Struggling with exercise 7.12 part b in Rudin's Real & Complex Analysis.

$I = [a,b]$

f:I$\to\Bbb{R}$ is left continuous nondecreasing. Show that there is a positive Borel measure s.t. $f(x)-f(a)=\mu[a,x)$.

The hint is to imitate the proof of theorem 7.18:

$g:I\to\Bbb{R}$ is continuous nondecreasing.

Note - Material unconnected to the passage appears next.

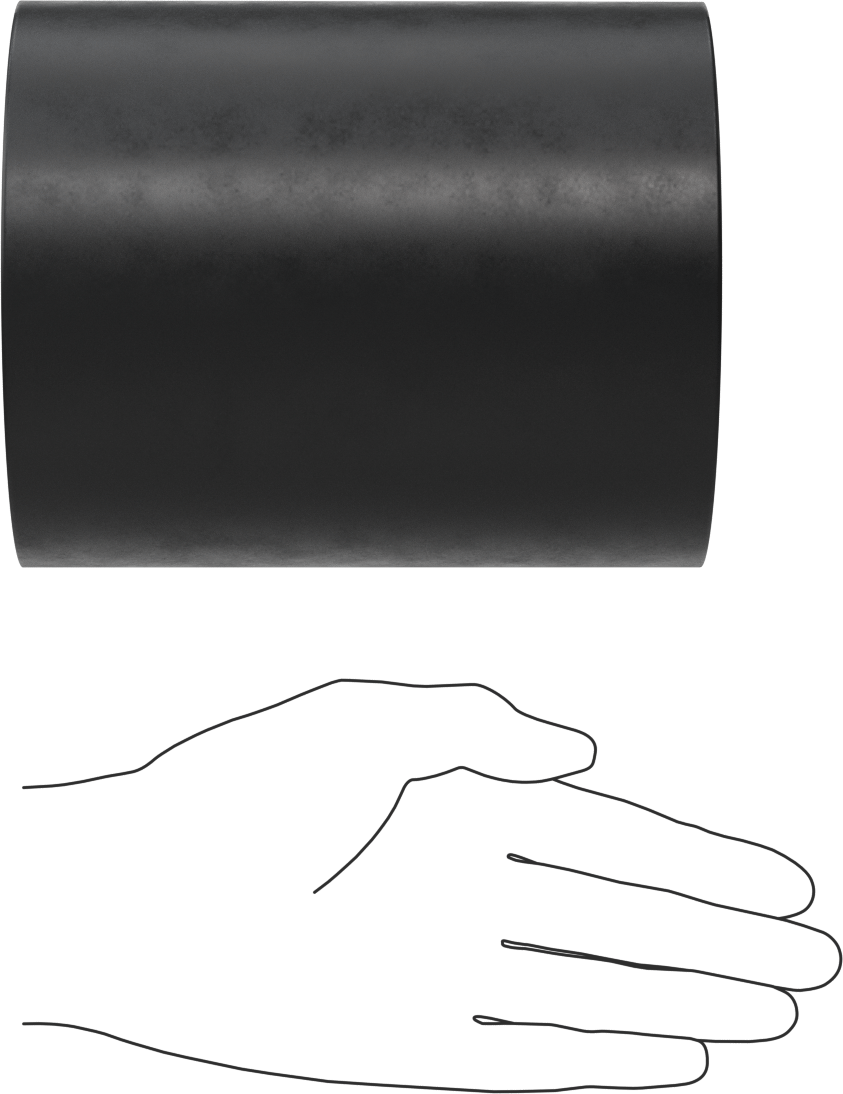 Hava Koşullarına Dayanıklı EPDM Kauçuk Tüp, 5" OD, 7/8" ID, 6 inç Uzunluk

The following are equivalent.

  1. $ g$ is AC on I.

  2. $g $ maps sets of Lebesgue measure zero to sets of Lebesgue measure zero.

  3. $f $ is differentiable; $f'\in L^1; f(x) - f(a) = \int_a^xf'd\mu$.

$1 \rightarrow 2$ by approximating the Lebesgue measure zero set by an open set (hence a disjoint union of open segments) and applying abs. cont..

$2 \rightarrow 3$

  • A) by defining $h(x) = x + g(x) $-- $h $ is injective; decompose any Lebesgue measurable set E to a Borel union of compact sets and a set of Lebesgue measure zero to show $m(g(E))$ is a measure;

  • B) the Radon-Nikodym theorem gives the integral representation.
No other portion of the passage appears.